Herein, we presented a case of anti-SRP antibody-positive myositis successfully treated with IV-CY. Although the mechanism of IIM is not fully understood, several histopathological studies have suggested that the condition is a T-cell-mediated disease10,11). However, the presence of MSAs in approximately 40%–90% of patients suggests an ancillary B-cell role12,13). Recently, clinical trials have suggested that RTX, an agent specifically targeting B-cells, may be useful for refractory IIM treatment14,15). This study highlighted that B- and T-cells could be important IIM therapeutic targets. Furthermore, several case reports and series have suggested the efficacy of RTX in treating anti-SRP antibody-positive myositis6,14,16). Valiyil et al. reported the clinical course of eight patients with refractory anti-SRP antibody-associated myositis treated with RTX and found that six patients responded well to RTX treatment.

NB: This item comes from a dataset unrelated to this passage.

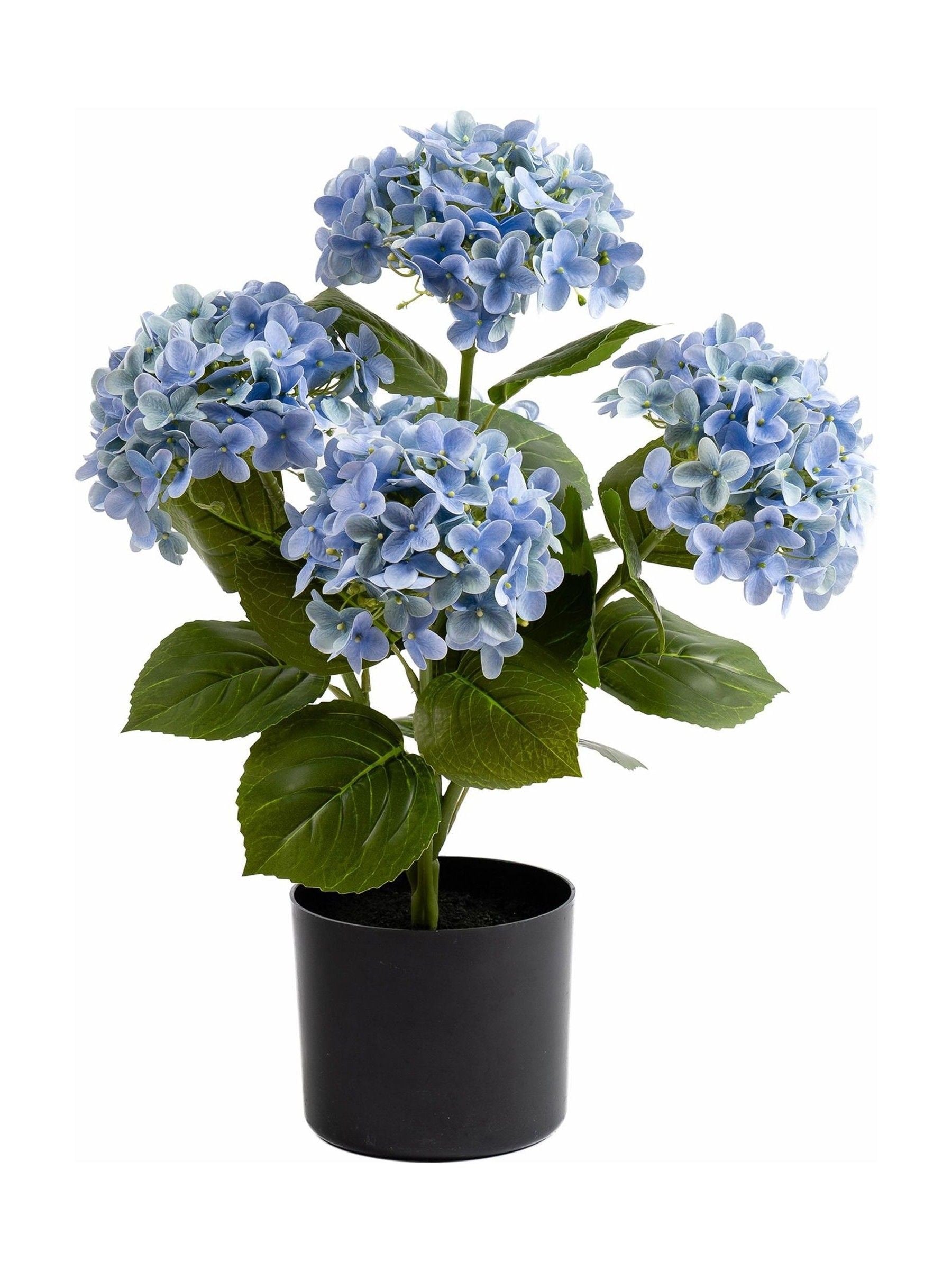 Scottish Everlastings faux blue hydrangea 53cm (British brand)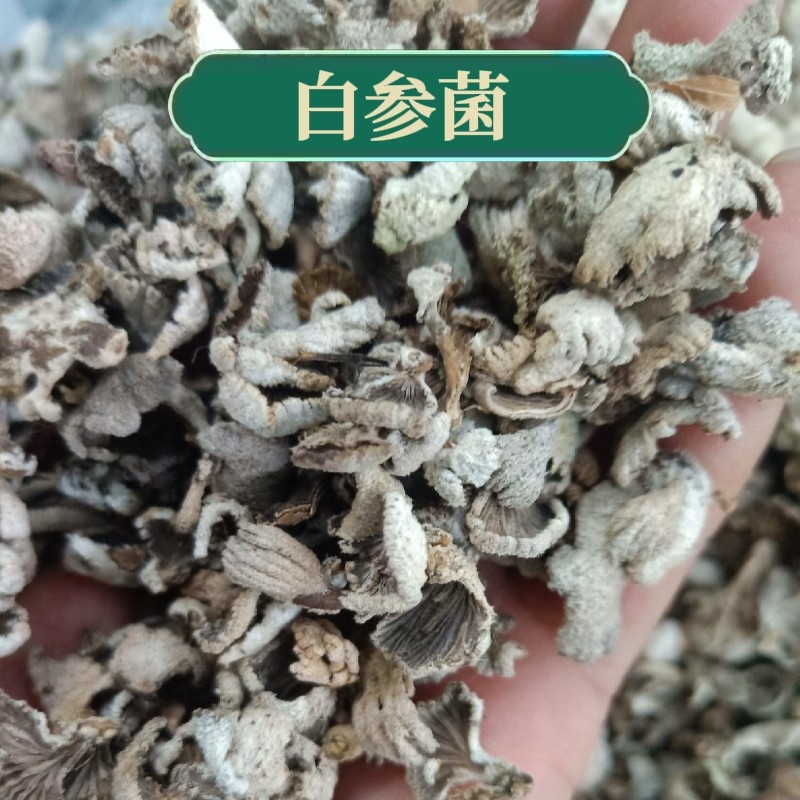 云南白参菌干货 250克农家自晒特产裂褶菌白花白参沙参树花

A larger longitudinal study by Pinal-Fernandez et al. found significant clinical improvement in 13 of 17 patients with anti-SRP antibody-positive IIM treated with RTX. Furthermore, this study demonstrated that the RTX treatment benefit was maintained for more than 2 years in many patients16). Therefore, RTX may be a treatment option for refractory anti-SRP antibody-positive myositis6). However, RTX is not currently covered by Japanese medical insurance for myositis treatment, and no large-scale studies have compared RTX efficacy with that of other immunosuppressive agents in anti-SRP antibody-positive myositis. Further studies are required to establish a treatment protocol for anti-SPR antibody-positive myositis.

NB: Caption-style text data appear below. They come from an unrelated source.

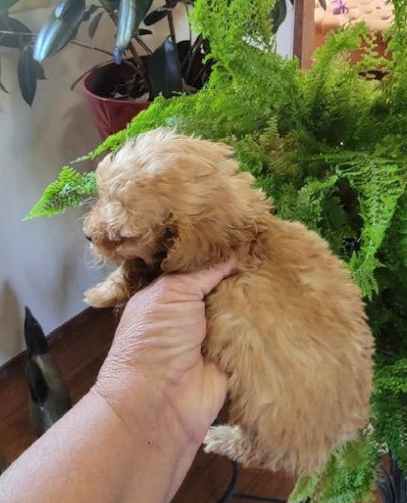 POODLE    MALE  PUPPY TEACUP     PIPO      $3,950.00     #1725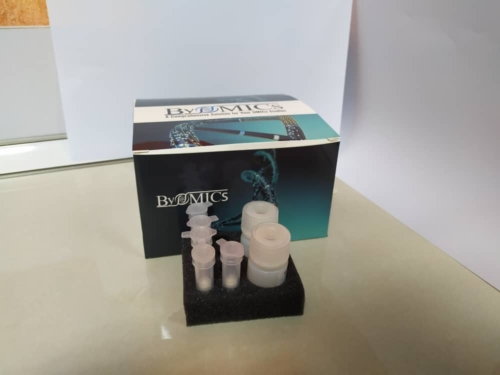 کیت استخراج RNA به روش ستونی
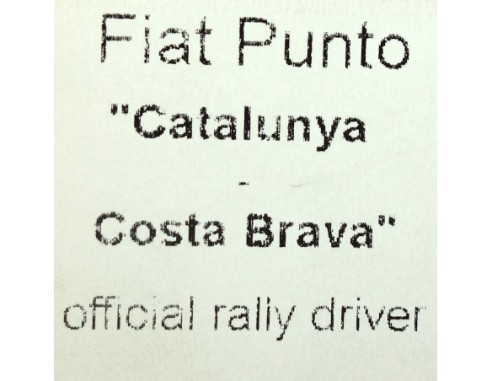 FIAT PUNTO CATALUNYA COSTA BRAVA OFICIAL RALLY DRIVER NINCO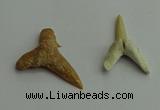 CGP541 15*25mm - 22*30mm shark teeth pendants wholesale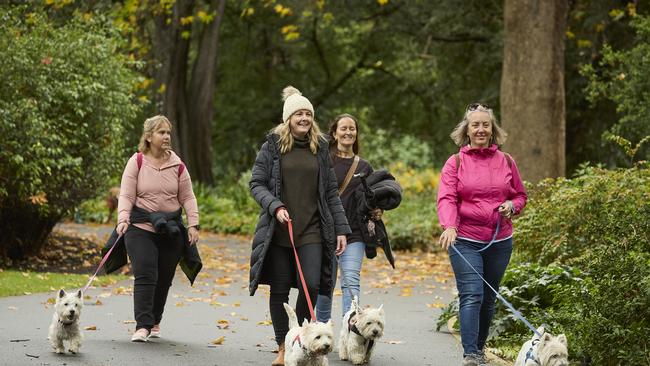 Million Paws Walk in the Adelaide Botanic Gardens, Sunday, May 28, 2023. Picture: Matt Loxton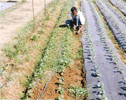 Soil & Water Conservation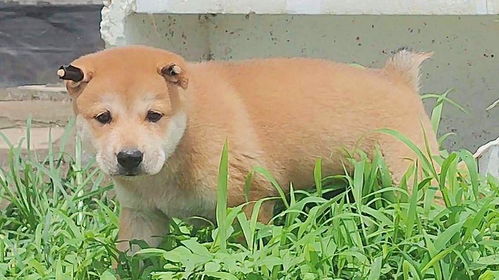 极品黄狗白面小公,中国的田园犬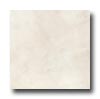 American Olean American Olean Park Avenue 18 X 18 Metropolitan White Tile  &  Sto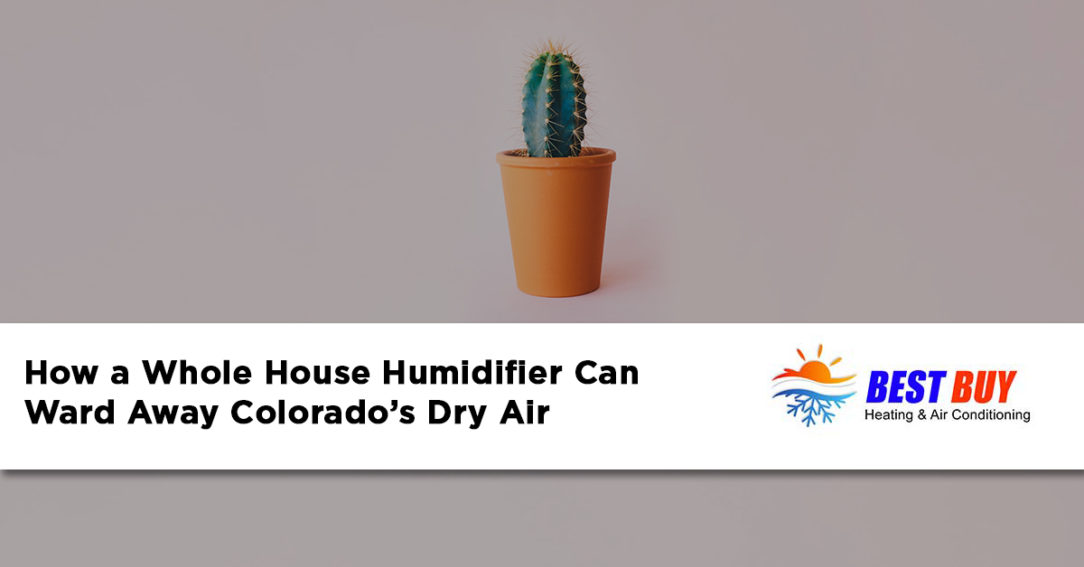 whole house humidifier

CY nonspecifically suppresses immune cells, including T-cells, B-cells, and plasma cells, and is effective in various rheumatic diseases, such as myositis, rheumatoid arthritis, systemic lupus erythematosus, and vasculitis17-21). Mecoli et al. reported the clinical course of five patients with refractory IMNM treated with IV-CY (three with anti-SRP antibodies and two with anti-HMGCR antibodies). Of the three patients with positive anti-SRP antibodies, two demonstrated dramatic improvement in muscle strength and muscle enzyme levels following CY treatment and remained stable after treatment22). In our case, the patient did not demonstrate complete symptomatic or radiological improvement after high-dose steroids and tacrolimus treatment. However, the clinical findings improved after IV-CY treatment, and there was no myositis relapse despite early steroid reduction. Thus, the immunosuppressive effect of CY described in this case may have suppressed myositis activity, leading to steroid tapering. Although long-term follow-up is necessary, IV-CY may be an effective treatment option for anti-SRP antibody-positive myositis.

Financial Support

This report was supported partly by an Intramural Research Grant (5, 6) for Neurological and Psychiatric Disorders of the NCNP.